An object with a mass of #2 kg# is acted on by two forces. The first is #F_1= < -6 N , 1 N># and the second is #F_2 = < 4 N, 9 N>#. What is the object's rate and direction of acceleration?

1 Answer
Jul 21, 2017

#a = 5.10# #"m/s"^2#

#theta = 101^"o"#

Explanation:

We're asked to find the magnitude and direction of an object's acceleration, given two forces that act on it.

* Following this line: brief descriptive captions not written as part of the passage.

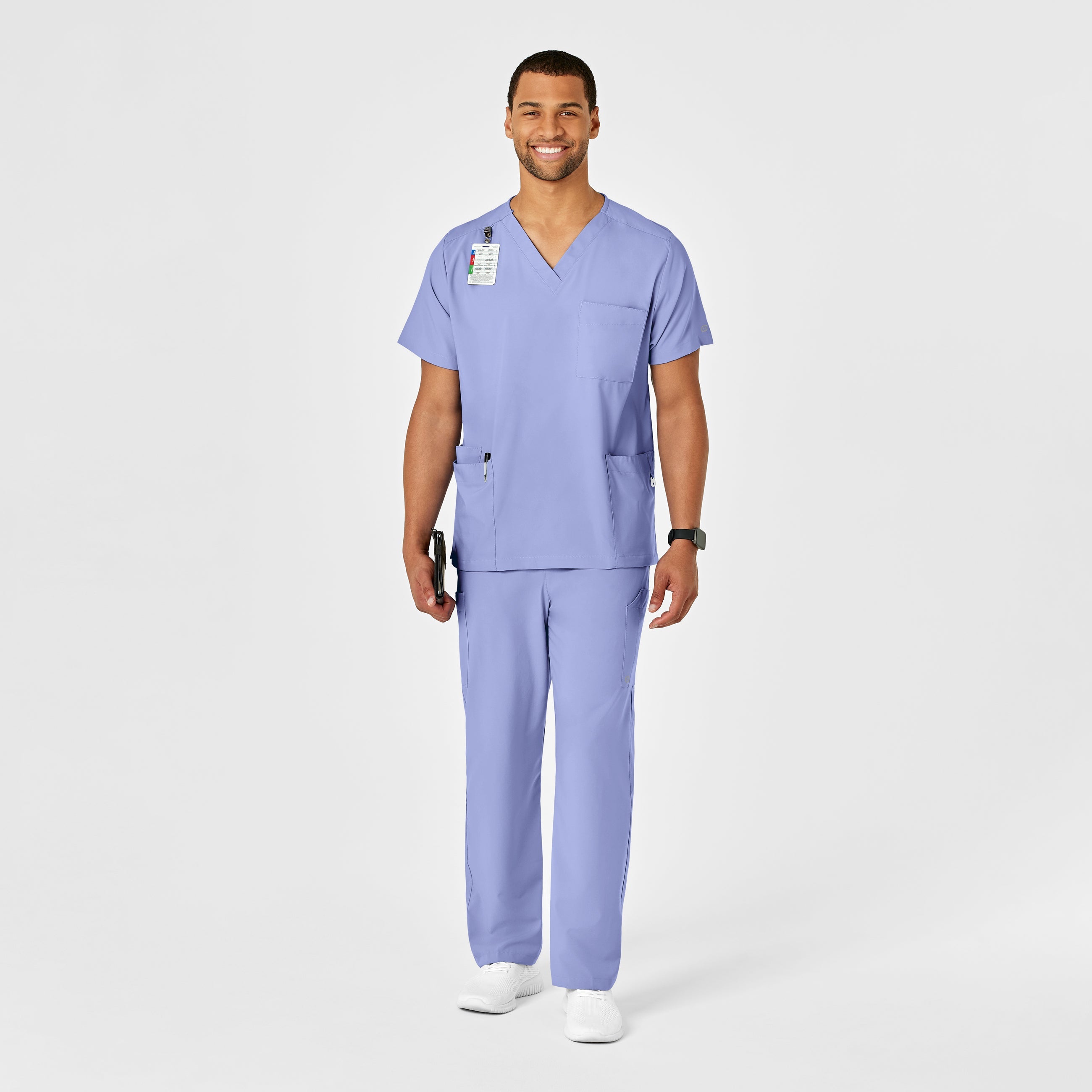 W123 5855 Unisex Multi-Cargo Scrub Pants Ceil Blue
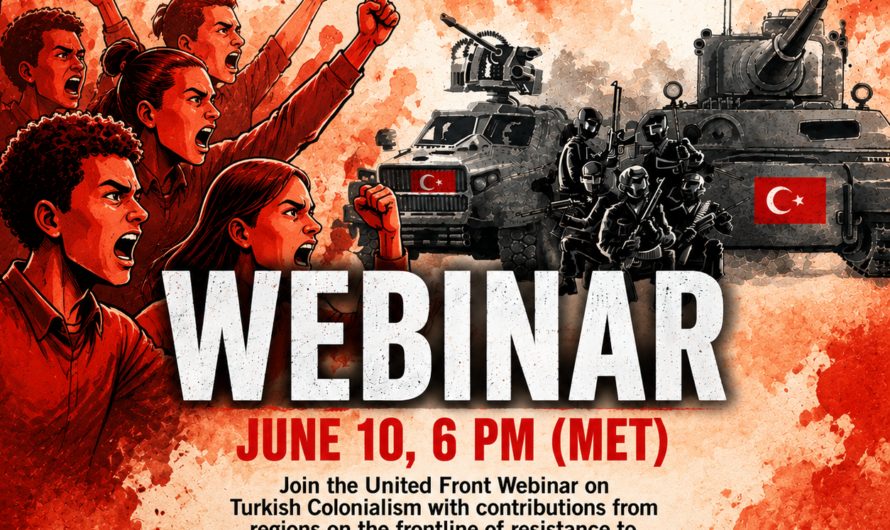 Webinaire du Front uni sur le colonialisme turc, en collaboration avec ICOR Moyen-Orient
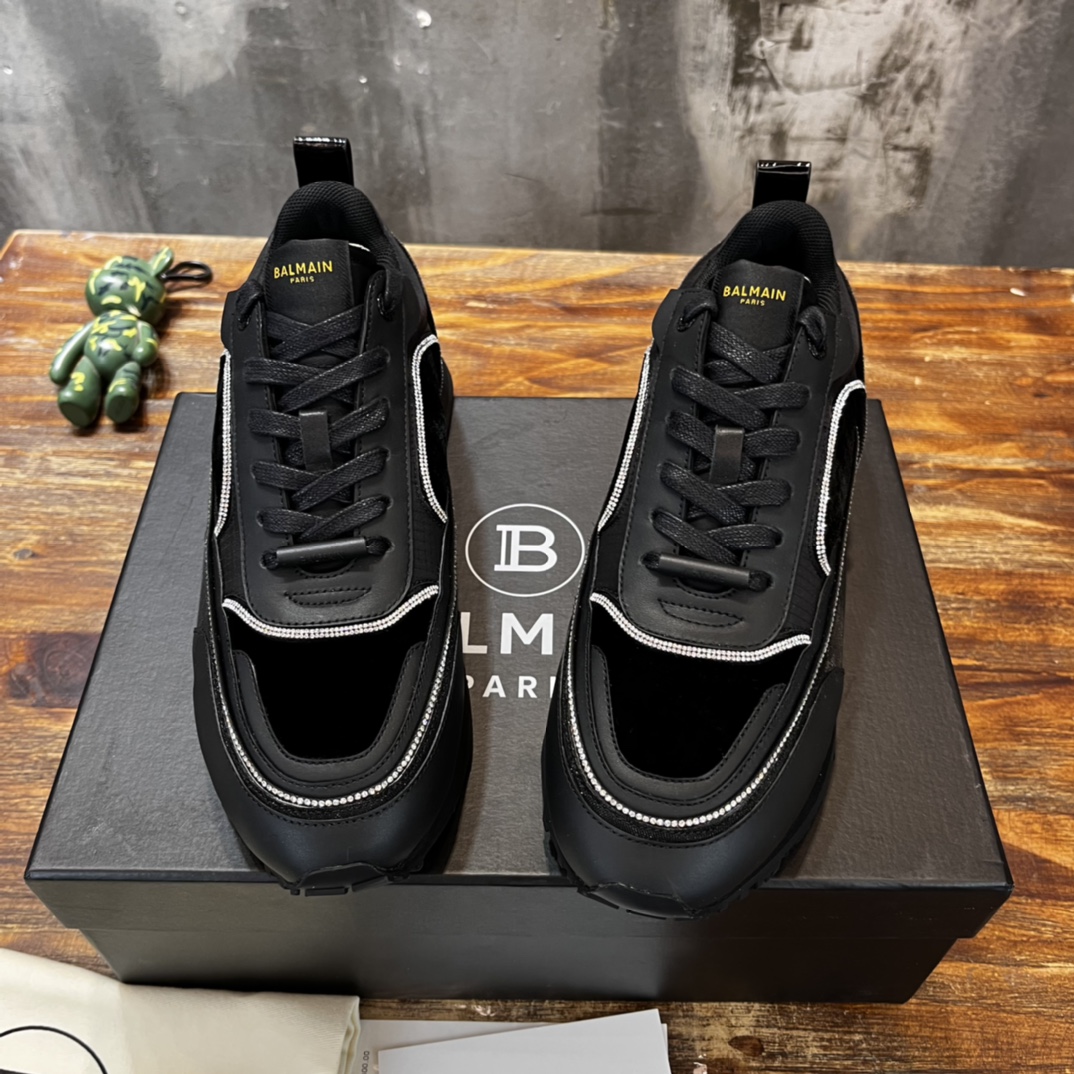 Balmain Velvet nylon and mesh low-top Racer sneaker 23 - vstockx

To do this, let's first split up the forces into their components:

#F_(1x) = -6# #"N"#

#F_(1y) = 1# #"N"#

#F_(2x) = 4# #"N"#

#F_(2y) = 9# #"N"#

We'll now find the components of the net force that acts on the body, by adding components:

#sumF_x = -6# #"N"# #+ 4# #"N"# #= -2# #"N"#

#sumF_y = 1# #"N"# #+ 9# #"N"# #= 10# #"N"#

Now, we can use Newton's second law to find the components of the object's acceleration:

#sumF_x = ma_x#

#a_x = (sumF_x)/m = (-2color(white)(l)"N")/(2color(white)(l)"kg") = -1# #"m/s"^2#

#a_y = (sumF_y)/m = (10color(white)(l)"N")/(2color(white)(l)"kg") = 5# #"m/s"^2#

The magnitude of the acceleration is

#a = sqrt((a_x)^2 + (a_y)^2) = sqrt((-1color(white)(l)"m/s"^2)^2 + (5color(white)(l)"m/s"^2)^2)#

#= color(red)(5.10# #color(red)("m/s"^2#

And the direction is

#theta = arctan((a_y)/(a_x)) = arctan((5cancel("m/s"^2))/(-1cancel("m/s"^2))) = -78.7^"o" + 180^"o"#

#= color(blue)(101^"o"#

Always be sure to check your direction calculation, as it could be #180^"o"# off! (by noting what direction the acceleration is relative to the object).